> BRIEF
In the material below, find the line with "Img - Villa Junior Suite Garden View" and the line with "hóa ra ta là tuyệt thế cao thủ chapter 20 7", then output those two lines and every line between them, exactly.

=== Begin Enclosure ===

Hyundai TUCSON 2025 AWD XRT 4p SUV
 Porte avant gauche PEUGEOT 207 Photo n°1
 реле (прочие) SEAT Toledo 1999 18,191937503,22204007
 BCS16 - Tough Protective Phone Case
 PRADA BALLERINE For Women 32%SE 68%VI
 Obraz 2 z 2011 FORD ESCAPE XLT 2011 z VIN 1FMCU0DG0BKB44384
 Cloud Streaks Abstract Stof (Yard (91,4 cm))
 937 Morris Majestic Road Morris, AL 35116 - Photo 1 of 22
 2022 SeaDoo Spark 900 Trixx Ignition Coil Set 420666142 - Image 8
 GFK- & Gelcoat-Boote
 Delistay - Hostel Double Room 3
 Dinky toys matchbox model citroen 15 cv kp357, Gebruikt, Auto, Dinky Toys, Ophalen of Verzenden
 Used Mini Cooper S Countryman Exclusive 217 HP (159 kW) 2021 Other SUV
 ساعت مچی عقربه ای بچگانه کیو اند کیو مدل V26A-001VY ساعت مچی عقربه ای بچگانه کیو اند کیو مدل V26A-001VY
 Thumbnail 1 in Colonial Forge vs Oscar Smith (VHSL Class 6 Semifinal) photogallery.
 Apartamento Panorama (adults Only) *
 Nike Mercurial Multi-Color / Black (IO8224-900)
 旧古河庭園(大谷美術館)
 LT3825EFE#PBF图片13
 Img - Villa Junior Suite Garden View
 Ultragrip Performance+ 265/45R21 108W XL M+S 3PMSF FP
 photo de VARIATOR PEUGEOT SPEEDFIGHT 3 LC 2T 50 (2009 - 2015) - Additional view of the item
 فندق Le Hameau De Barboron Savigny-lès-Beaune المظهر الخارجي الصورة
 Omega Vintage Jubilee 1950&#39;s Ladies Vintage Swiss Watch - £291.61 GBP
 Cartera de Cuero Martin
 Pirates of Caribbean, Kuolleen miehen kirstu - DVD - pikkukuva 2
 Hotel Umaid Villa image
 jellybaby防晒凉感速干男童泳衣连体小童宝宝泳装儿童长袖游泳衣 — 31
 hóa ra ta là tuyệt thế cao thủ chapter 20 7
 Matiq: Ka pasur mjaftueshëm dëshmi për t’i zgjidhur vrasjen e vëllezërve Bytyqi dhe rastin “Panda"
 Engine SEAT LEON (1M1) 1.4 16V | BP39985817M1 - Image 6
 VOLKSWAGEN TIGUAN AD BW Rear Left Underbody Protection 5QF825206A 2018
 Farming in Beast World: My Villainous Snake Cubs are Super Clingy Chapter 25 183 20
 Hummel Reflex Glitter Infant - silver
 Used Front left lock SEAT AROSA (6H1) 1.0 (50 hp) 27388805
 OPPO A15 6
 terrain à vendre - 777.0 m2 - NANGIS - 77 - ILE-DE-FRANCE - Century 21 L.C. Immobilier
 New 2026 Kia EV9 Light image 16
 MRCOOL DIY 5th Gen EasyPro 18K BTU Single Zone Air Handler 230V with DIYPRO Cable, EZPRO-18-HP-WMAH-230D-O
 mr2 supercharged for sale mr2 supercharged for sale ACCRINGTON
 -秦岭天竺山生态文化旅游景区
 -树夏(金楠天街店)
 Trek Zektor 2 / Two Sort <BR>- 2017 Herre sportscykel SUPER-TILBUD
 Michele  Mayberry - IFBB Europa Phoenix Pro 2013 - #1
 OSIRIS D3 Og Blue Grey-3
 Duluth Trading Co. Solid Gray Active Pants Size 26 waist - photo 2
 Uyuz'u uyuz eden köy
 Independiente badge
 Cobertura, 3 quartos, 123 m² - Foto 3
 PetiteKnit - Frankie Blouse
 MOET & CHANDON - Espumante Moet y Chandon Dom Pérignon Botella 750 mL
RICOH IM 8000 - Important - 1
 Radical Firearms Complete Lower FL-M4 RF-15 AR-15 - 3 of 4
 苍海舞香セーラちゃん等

=== End Enclosure ===

> RESPONSE
 Img - Villa Junior Suite Garden View
 Ultragrip Performance+ 265/45R21 108W XL M+S 3PMSF FP
 photo de VARIATOR PEUGEOT SPEEDFIGHT 3 LC 2T 50 (2009 - 2015) - Additional view of the item
 فندق Le Hameau De Barboron Savigny-lès-Beaune المظهر الخارجي الصورة
 Omega Vintage Jubilee 1950&#39;s Ladies Vintage Swiss Watch - £291.61 GBP
 Cartera de Cuero Martin
 Pirates of Caribbean, Kuolleen miehen kirstu - DVD - pikkukuva 2
 Hotel Umaid Villa image
 jellybaby防晒凉感速干男童泳衣连体小童宝宝泳装儿童长袖游泳衣 — 31
 hóa ra ta là tuyệt thế cao thủ chapter 20 7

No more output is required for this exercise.